Determine the tension in a 40 cm long pendulum when a bob of mass 200g moving at 0.7 m.s is 15 degrees from the vertical?

correction the velocity is 0.7 m/s

The tension in the string minus the weight component in the string direction equals the centripetal force.

T - M*g cos15 = M V^2/R

M = 0.200 Kg
R = 0.40 m
g = 9.8 m/s^2
V = 0.7 m/s

Solve for T.

would the radius be half of the 0.40m?

no radius is .4m.

Thank you!

Two blocks move along a linear path on a nearly frictionless air track. One block, of mass 0.120 kg, initially moves to the right at a speed of 4.90 m/s, while the second block, of mass 0.240 kg, is initially to the left of the first block and moving to the right at 7.40 m/s. Find the final velocities of the blocks, assuming the collision is elastic.

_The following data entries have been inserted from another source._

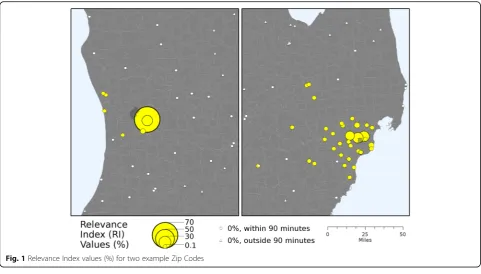Fig. 1 Relevance Index values (%) for two example Zip Codes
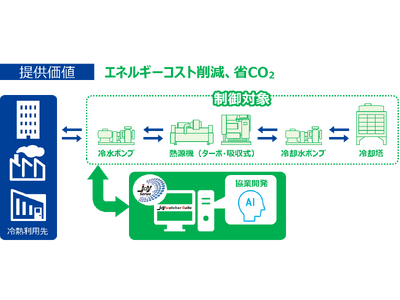 熱源機器最適制御AIの開発に関する基本契約をエイシング社と締結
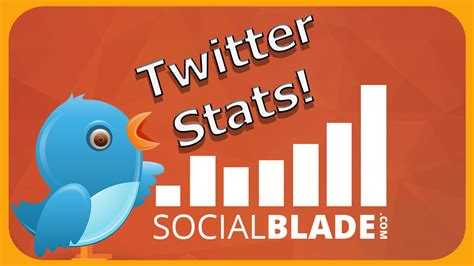 twitter fugtrup|FUGTRUP's Twitter Stats Summary Profile (Social Blade Twitter .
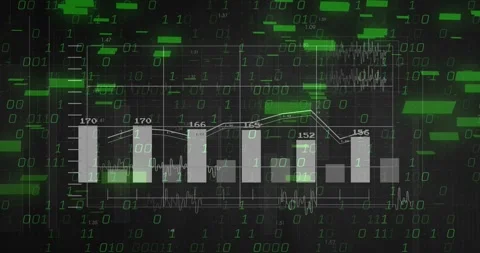 Data feed starting, chart expanding and updating, showing bars, line, labels, Stock Footage 331270030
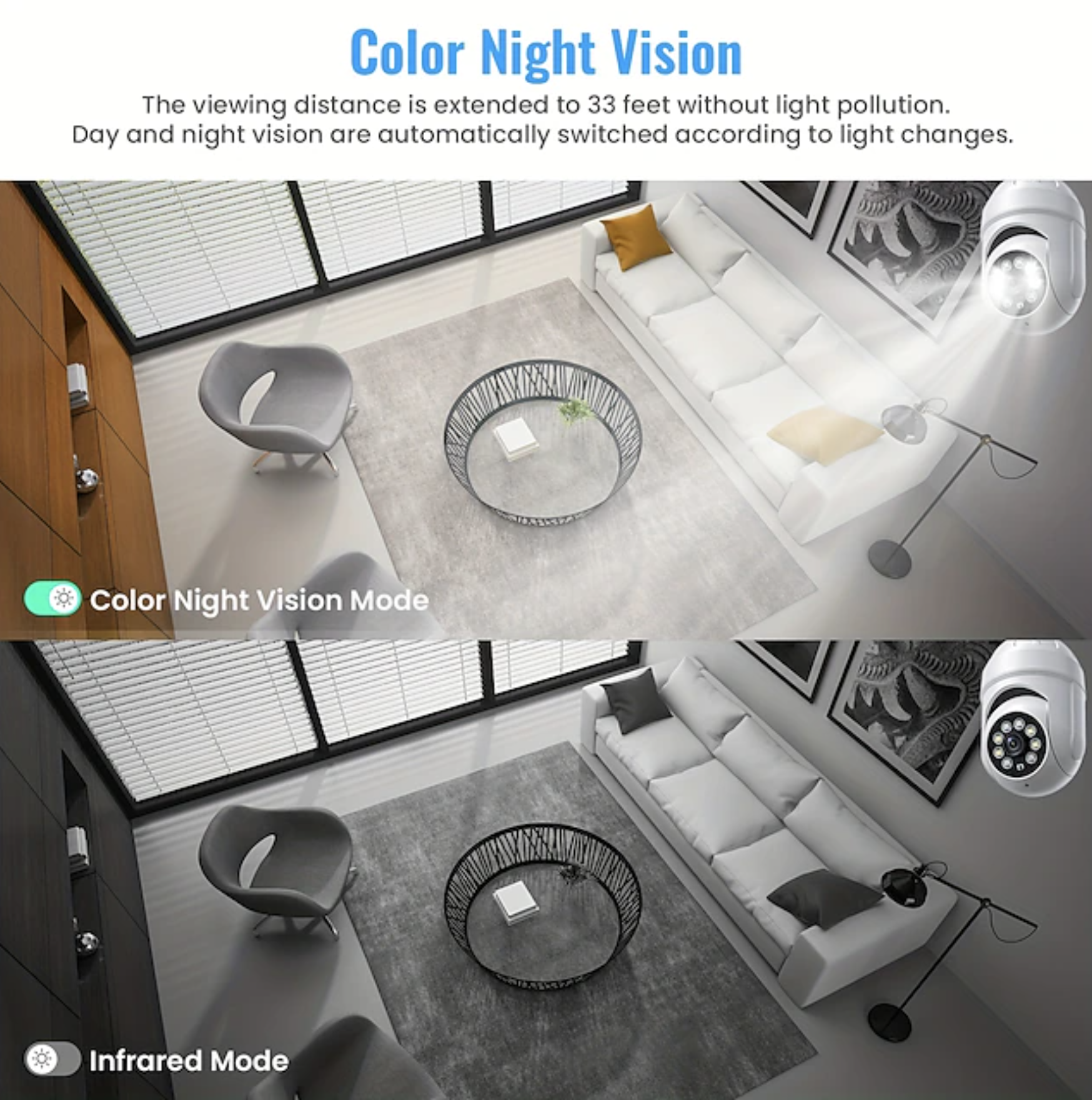 Colour night vision compared with grey infrared mode in a dark room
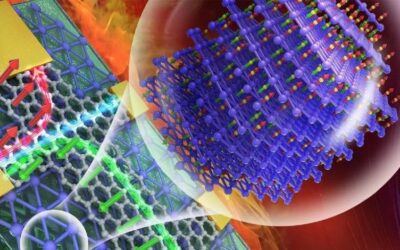Cientistas criam primeiro transistor magneto-elétrico: confira os detalhes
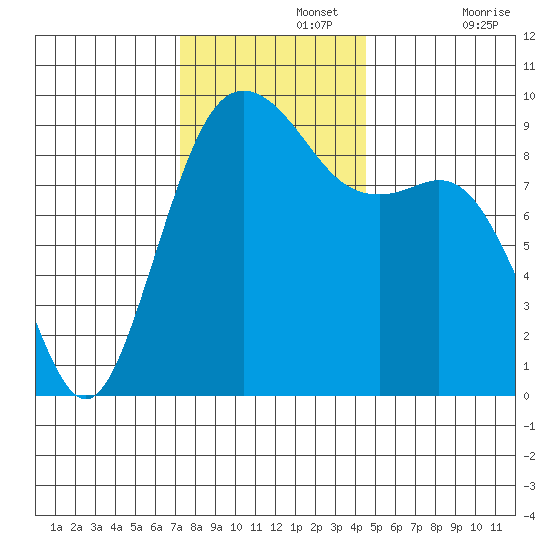 Similk Bay tide chart for Monday, November 14, 2022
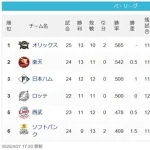 [パスレ4/27]檻-鷲=公鴎-猫=-鷹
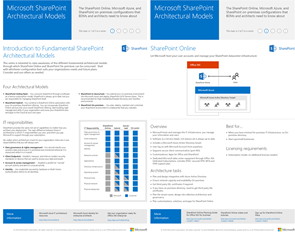 configurações no local do SharePoint no Microsoft 365, Azure e SharePoint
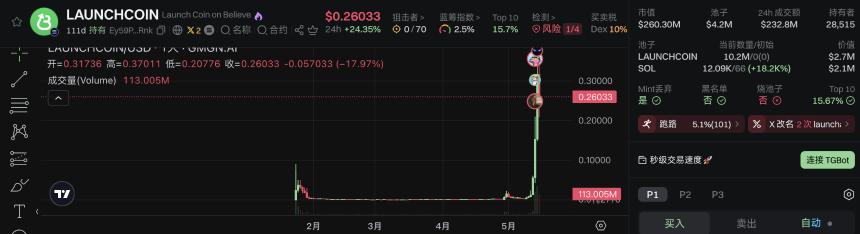Believe平台陷流量危机:LAUNCHCOIN暴涨难掩生态隐忧,社区信任面临挑战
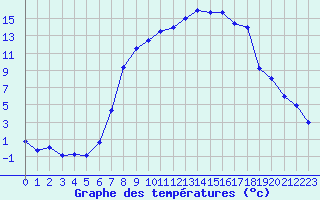 Courbe de tempratures pour Sigmaringen-Laiz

So what is the velocity of the 0.120 kg block and the0.240 kg block?

To determine the tension in a pendulum, we need to consider the forces acting on the bob. The two main forces involved are the gravitational force and the tension force.

First, we calculate the gravitational force acting on the bob. The force of gravity is given by the equation:

Fg = m * g

Where:
Fg is the gravitational force
m is the mass of the bob
g is the acceleration due to gravity (approximately 9.8 m/s^2)

In this case, the mass of the bob is 200 grams, which is equivalent to 0.2 kg. Plugging in these values into the equation, we have:

Fg = 0.2 kg * 9.8 m/s^2

Fg = 1.96 N

Next, we calculate the component of the gravitational force acting in the direction of tension. This component is given by:

Fg_parallel = Fg * sin(theta)

Where:
Fg_parallel is the component of the gravitational force parallel to the pendulum's length
theta is the angle between the pendulum's length and the vertical line

In this case, theta is 15 degrees. Plugging in the values, we have:

Fg_parallel = 1.96 N * sin(15 degrees)

Fg_parallel ≈ 0.508 N

Finally, the tension in the pendulum can be calculated by subtracting the component of the gravitational force parallel to the pendulum's length from the total gravitational force:

Tension = Fg - Fg_parallel

Tension = 1.96 N - 0.508 N

Tension ≈ 1.452 N

Therefore, the tension in the 40 cm long pendulum is approximately 1.452 N.